If a coalition on any of these lines fails to materialize, elections would have to be held in early-2009. Binjamin Netanyahu, the Likud leader, could well win them, taking Israel even further to the right – and away from any possibility of a peace settlement.
The prospects of real progress on the peace front are therefore slim indeed.
On his return to Israel last November from the Annapolis summit, Olmert declared that if the ‘two state solution collapses, the State of Israel is finished.’ This dramatic statement, which caught the headlines, seemed to suggest that he had grasped that continued occupation of the Palestinian territories and settlement expansion must inevitably threaten Israel’s future as a democratic Jewish state.

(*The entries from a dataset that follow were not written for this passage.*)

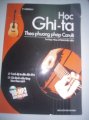 Học ghi-ta theo phương pháp Carulli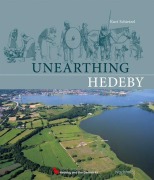Cover-Bild zum Titel 'Unearthing Hedeby' von 'Kurt Schietzel'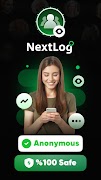 NextLog Affiche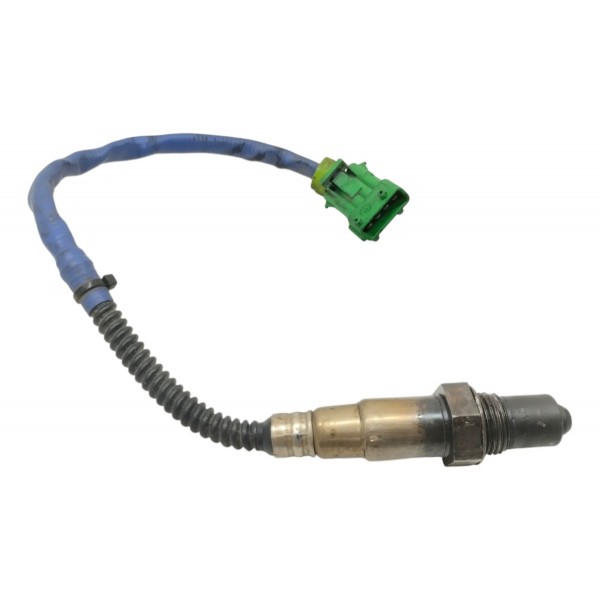 Sonda Lambda Pré Peugeot 207 2007 2008 2009 2010 2011 2012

But Olmert’s words clearly meant nothing. It is not even clear if he believed them because, in his tenure of office, he has done everything possible to kill the two-state solution. He has pressed ahead rapidly with settlement expansion, especially in Arab East Jerusalem. Indeed, in his talks with the Palestinians, he has adamantly refused even to discuss the future of Jerusalem.

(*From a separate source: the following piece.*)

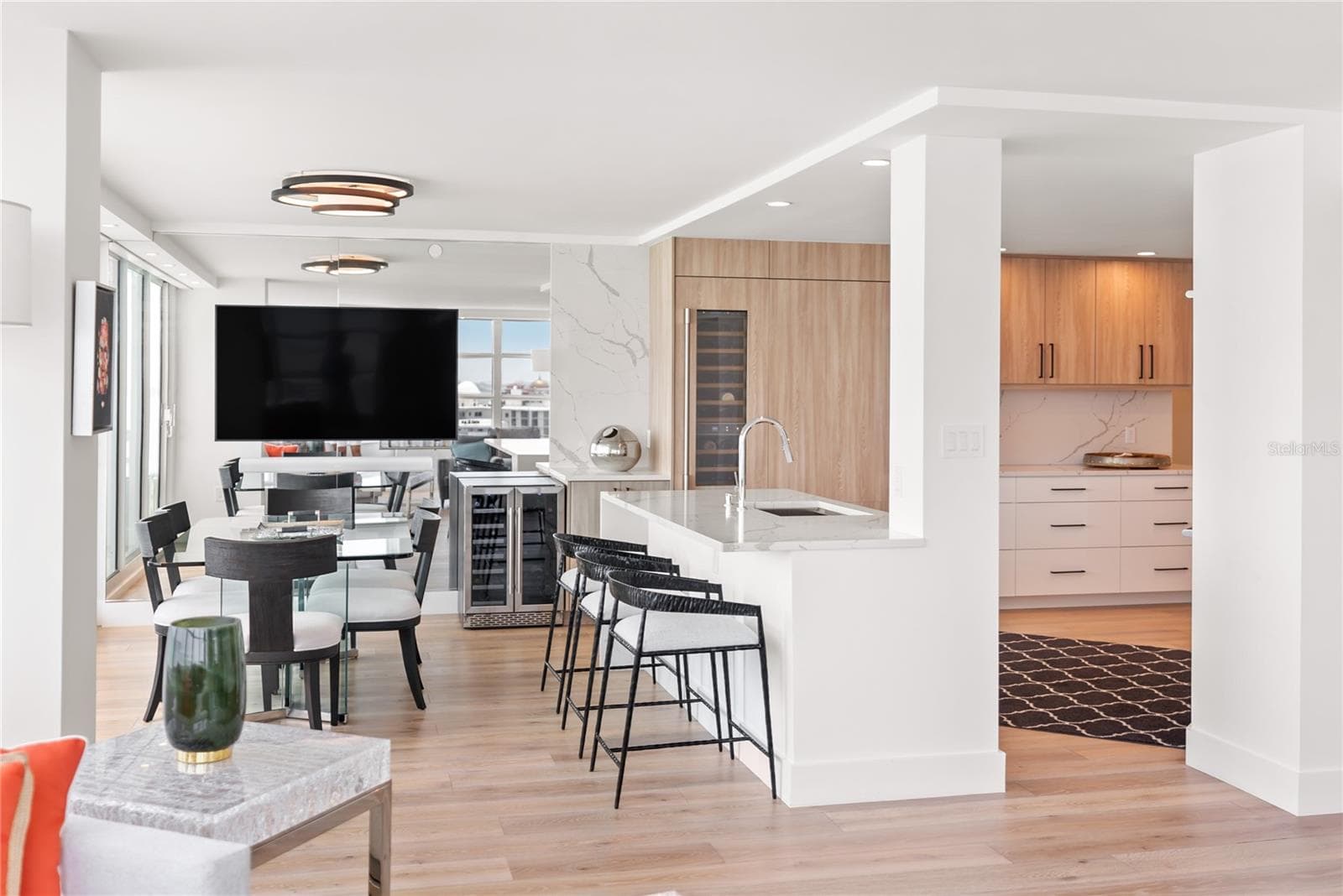 Condominium at 888 BOULEVARD OF THE ARTS #1705, SARASOTA, photo 36 of 72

He has repeatedly brushed aside the feeble pleas of George W. Bush and Condoleezza Rice to freeze settlement construction. Indeed, he has not hesitated to announce the creation of new housing units immediately after each of Rice’s visits to Israel – as if to prove which of them had the greater political clout in Washington.
According to Peace Now, 2008 has witnessed the fastest growth of settlements in the West Bank and East Jerusalem in 10 years.

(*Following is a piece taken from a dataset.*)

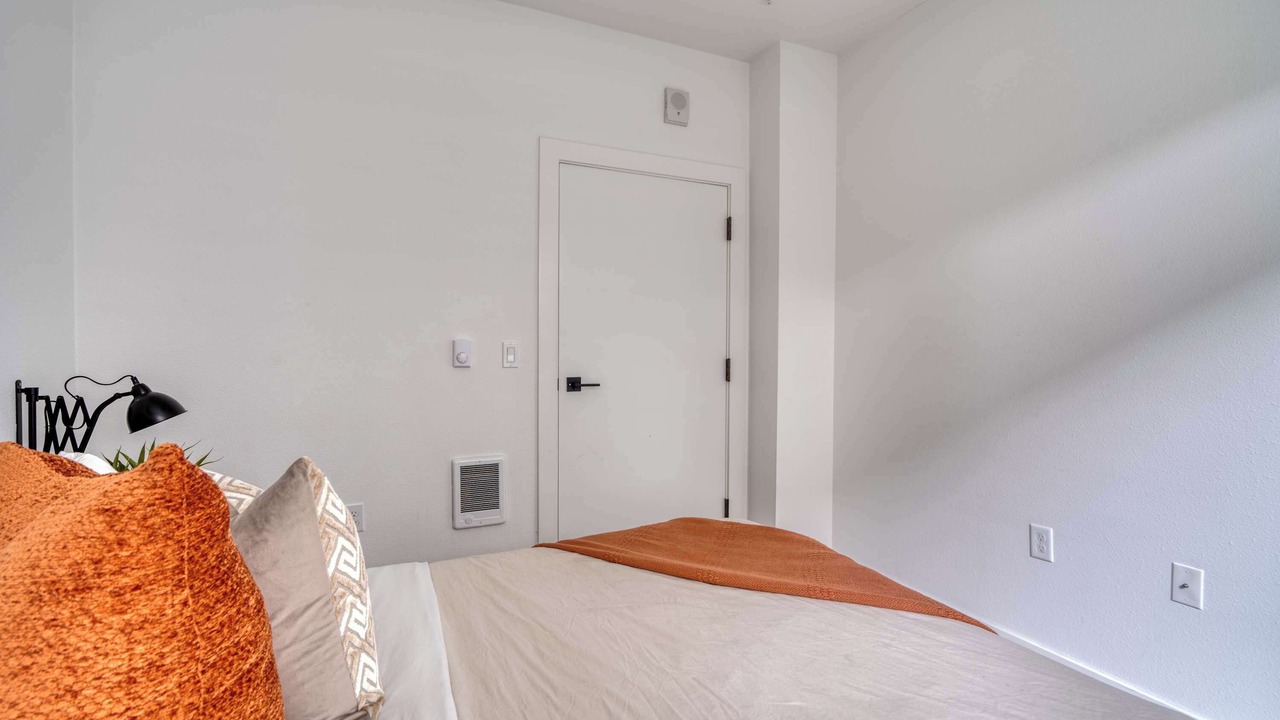 Photo of Bedroom in Humboldt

Not a single illegal outpost has been removed by Olmert, nor has any attempt been made to dismantle any of the new settlements created in the last decade. Far from allowing greater Palestinian freedom of movement on the West Bank, checkpoints stifling the Palestinian economy have increased from 521 to 607. Building of the separation wall in the Occupied Territories is proceeding apace, as is a system of segregated roads, available only to Israelis or to Israeli settlers.
Economic warfare against the Palestinians – and the starving of Gaza – continue as relentlessly as ever in spite of the truce, as do the military raids on the West Bank causing inevitable Palestinian civilian casualties, such as the recent killing of children and teenagers protesting against the ‘apartheid wall’ at the West Bank village of Ni’Lin.
As if blocking out any of this evidence from her mind, Condoleezza Rice continues cheerfully to chair meetings between Tsipi Livni and Ahmad Qorei, the chief Palestinian negotiator, as she did in Washington on July 30 – the second time in a month – and as she no doubt hopes to do again when she returns to the region for the fifteenth or sixteenth time on August 20. No US Secretary of State has devoted so much time and effort to the Israeli-Palestinian imbroglio to so little effect.
The prospect of a final status agreement by the end of this year – which Bush has repeatedly proclaimed as his goal – has long since been discarded as wholly unrealistic. Rice’s ambition seems to be limited to producing some sort of vague and non-committing document listing areas of agreement. This could be presented to the UN General Assembly in mid-September and hailed as a diplomatic success for the Bush presidency.
Poor Condi Rice! She has not been given the authority to be firm with Olmert, and he, in turn, has not dared confront Israel’s powerful settler lobby, even if he were so inclined.
Would a Barack Obama or a John McCain presidency do any better? Both presidential contenders are certainly cleverer and better informed than George W Bush. Both probably recognize that a peace settlement between Israel and the Palestinians – and indeed between Israel and Syria – is a vital US security interest.
But American policy in the Middle East has, for a generation and more, been so profoundly distorted by the Israeli alliance, and by the influence of Israel’s friends in Washington, that it is hard to entertain even a hint of optimism for the future.